Paul Morano is assistant chief development officer for business and community development in Worcester.
Anne Haynes is director of transformative development at MassDevelopment and previously served as the CEO of the Economic Development Corporation of New Haven, Conn.
8. Strategies for Managing Health Care Costs
Room 201, 2nd floor, Hynes Convention Center
Presented by the Massachusetts Interlocal Insurance Association
As health care costs continue to rise, municipalities are required to allocate a higher percentage of their budget each year to provide health insurance to their employees and retirees. These higher costs have strained municipal budgets and are crowding out essential services. Municipalities must find ways to bring rising health care costs under control without sacrificing the quality of care that is being provided to their employees and retirees. Learn more about programs that target two of the largest cost drivers in health care: musculoskeletal issues and diabetes.
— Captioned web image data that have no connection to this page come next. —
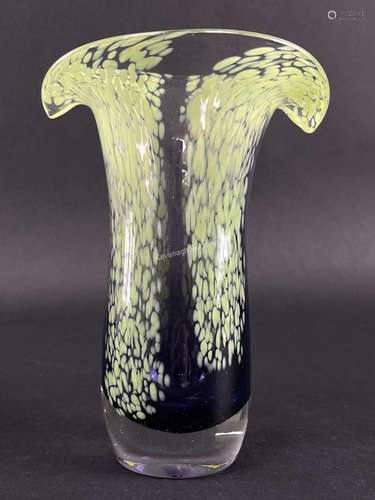 Art Glass Murano Purple Green Tulip Form Vase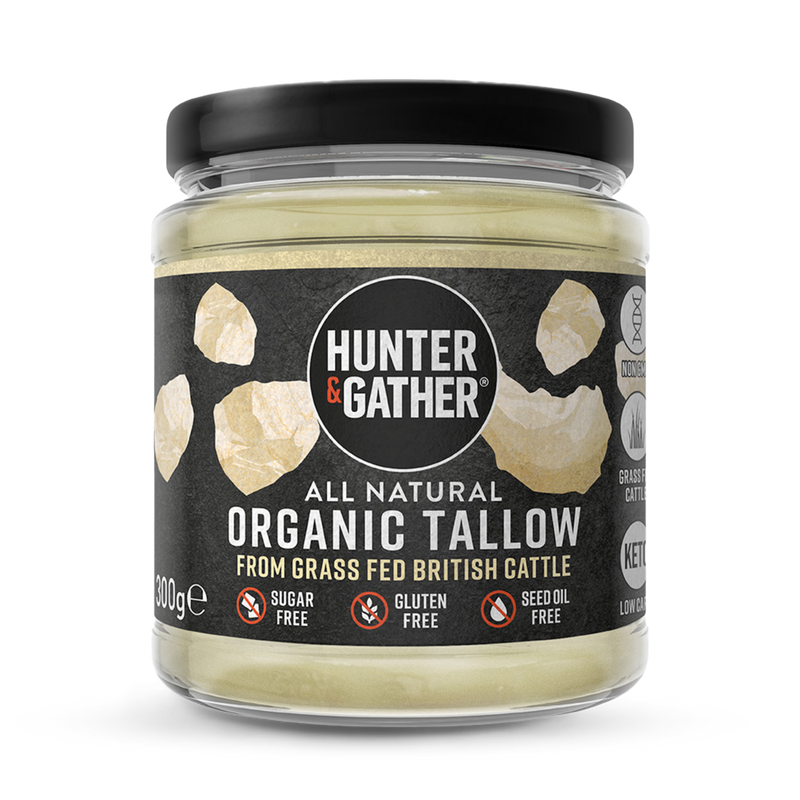 Hunter Gather organic beef tallow from grass fed cattle 300g, UK version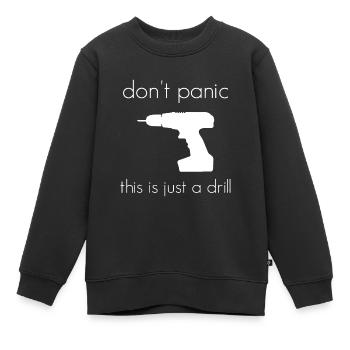 Geen paniek Dit is gewoon een oefening - Kinder Premium sweater biologisch - zwart - Voor - AI Model Kid Female (0cm)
Dr. Ron Donelson is a board-certified orthopedic surgeon and founder and president of SelfCare First, a consulting, publishing and low-back pain disease management company.
Jenna Doucette is a wellness consultant for Blue Cross Blue Shield of Massachusetts and a certified health education specialist.
Dr. Thomas Hawkins is senior medical director of population health and analytics for Blue Cross Blue Shield of Massachusetts and a clinical instructor of population health and clinical epidemiology at Harvard Medical School.
Chris Bailey is manager of the MIIA Health Benefits Trust and has worked for more than 20 years in group health insurance.
9. Using Municipal Cooperation to Improve Services and Achieve Savings
Room 202, 2nd floor, Hynes Convention Center
Presented by Small Town Administrators of Massachusetts
Rising fixed costs have communities searching for ways to provide the same services with fewer resources. For many cities and towns, that means collaborating with neighboring communities on issues such as wastewater treatment, public safety dispatch, and procurement. Communities also increasingly share staff for services like public health and veterans’ services. Hear about successful intermunicipal agreements and shared services from across the Commonwealth, learn about regionalization assistance available from the state and other organizations, and get tips on how to implement these kinds of initiatives in your community.
Christopher Ketchen is the chief administrative officer in Lee and Lenox.
Andrea Llamas is the town administrator in Buckland and chair of Small Town Administrators of Massachusetts.
Moira Rouse is regional administrator of the Southeastern Regional Services Group.
Michael Ward is the municipal services director at the Edward J. Collins Jr. Center for Public Management at the University of Massachusetts Boston.
10. Weathering Climate Change Through Preparation
Room 209, 2nd floor, Hynes Convention Center
Presented by the MMA Policy Committee on Energy and the Environment
Climate change is threatening our communities with sea level rise, erosion, storms, flooding, and related environmental impacts. Last year, Gov. Charlie Baker signed Executive Order 569, “Establishing an Integrated Climate Change Strategy for the Commonwealth,” which maps out the state’s plan to protect against the impacts of climate change. The administration also implemented the Municipal Vulnerability Preparedness program to provide assistance to municipalities for resiliency planning and completing climate change vulnerability assessments. Learn about climate initiatives at the state level and hear guidance on tools for municipalities to create resilient infrastructure and plan effectively for the impacts of climate change.
Catherine Ratte is a principal planner and section manager at the Pioneer Valley Planning Commission.
Frank Ricciardi is a vice president at Weston and Sampson who leads its resiliency team.
Katie Theoharides is the assistant secretary of climate change with the Executive Office of Energy and Environmental Affairs.
George “Bud” Dunham is the town manager in Sandwich.